When we go out recruiting, the sell is, it’s not like climbing Mount Everest. We’ve seen a lot of teams build programs and get over the hump this decade and in the late ’90s. I think everything is in place here to attract great students and great kids, and we should attract great players. We just need to get out this fall and start winning games and show we have a winning product.

You talked a lot this winter and spring about building the right mindset, about getting the team to practice as hard as the Oklahoma teams you coached. How do you feel that progressed this spring and even this summer in voluntary workouts?

KW: We don’t have a lot of contact in the summer, but the entire team is here in summer school and going through workouts. We have one young man who had to stay home because of a family issue, but everyone else is here. That’s a change from years past. The kids are making the commitment and wanting to be here. They’re working very, very hard.

But as hard as we’ve worked, if we don’t have the winning mindset, the championship mindset, we won’t be that kind of team. So we’ve worked very, very hard to try to embrace those concepts. We even talk about, who are you listening to, what are you listening to, what are you locking into when you’re having a conversation? When you see the preseason publications — and you’re a preseason guy, you know where you’ve got us slotted in the Big Ten — do we listen to that and believe it or not?

I know that, in the last two years, we’ve lost seven Big Ten games where in the fourth quarter we were either leading by seven or three, we were tied or we were down by three. Everybody says, “Well, talent-wise, Indiana must not be any good.” Well, we’re playing competitive football. Now it’s taking that talent and getting over the hump and learning how to win these games. That’s where the mental approach and confidence comes in. I don’t think we’re a fragile team. We’re working hard and they’ve got a great attitude. And as we gain, then we’ll get the confidence and the mental swagger that really good football teams have.

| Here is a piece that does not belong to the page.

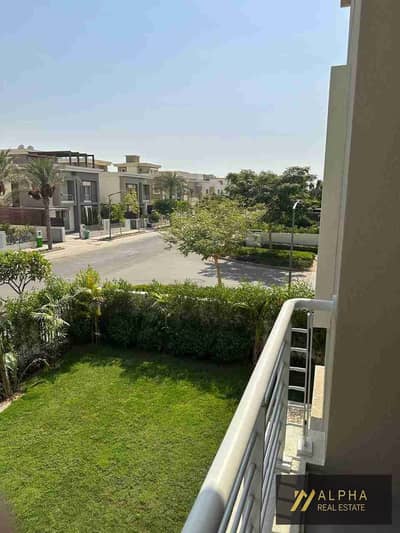 Villa for Rent in Cairo Festival City new cairo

Coming out of the spring, what did you feel good about and what were some concerns?

KW: In general, across the board, we had very few guys who had any issues with injury. Everyone was out there, and there wasn’t one day where I said, “Man, we had a bad practice.” If there was one issue it was, I just wanted to keep going, because our guys were like sponges. It wasn’t just learning schemes and X’s and O’s; it was just learning how to compete, how to practice hard every day and how to have that great attitude.

I thought across the board, we did a lot of good work. We focused on the physical side of the ball and our ability to have a physical presence. A lot of times when you say that, it means running the ball. But I think even the way a quarterback plays can show confidence and physical presence. There are ways receivers and defensive backs are battling that can show physical presence. It’s not just a big, blowup shot by a DB. I think we’re gaining on that, and you build your physical presence every year.

We’ve got some areas where we need to be more consistent, with our offensive line play and with our secondary play, as we made some changes on both sides. I’d like to see those two areas shore up. We haven’t announced our quarterback situation yet because I wanted it to play out through the summer and see how the kids lead the team and get into the preseason. But I’m very, very comfortable with our quarterbacks. And I think our background shows that we’ll do well and be fine at quarterback. I just wasn’t going to pre-anoint a quarterback. I want to let that position be earned through time.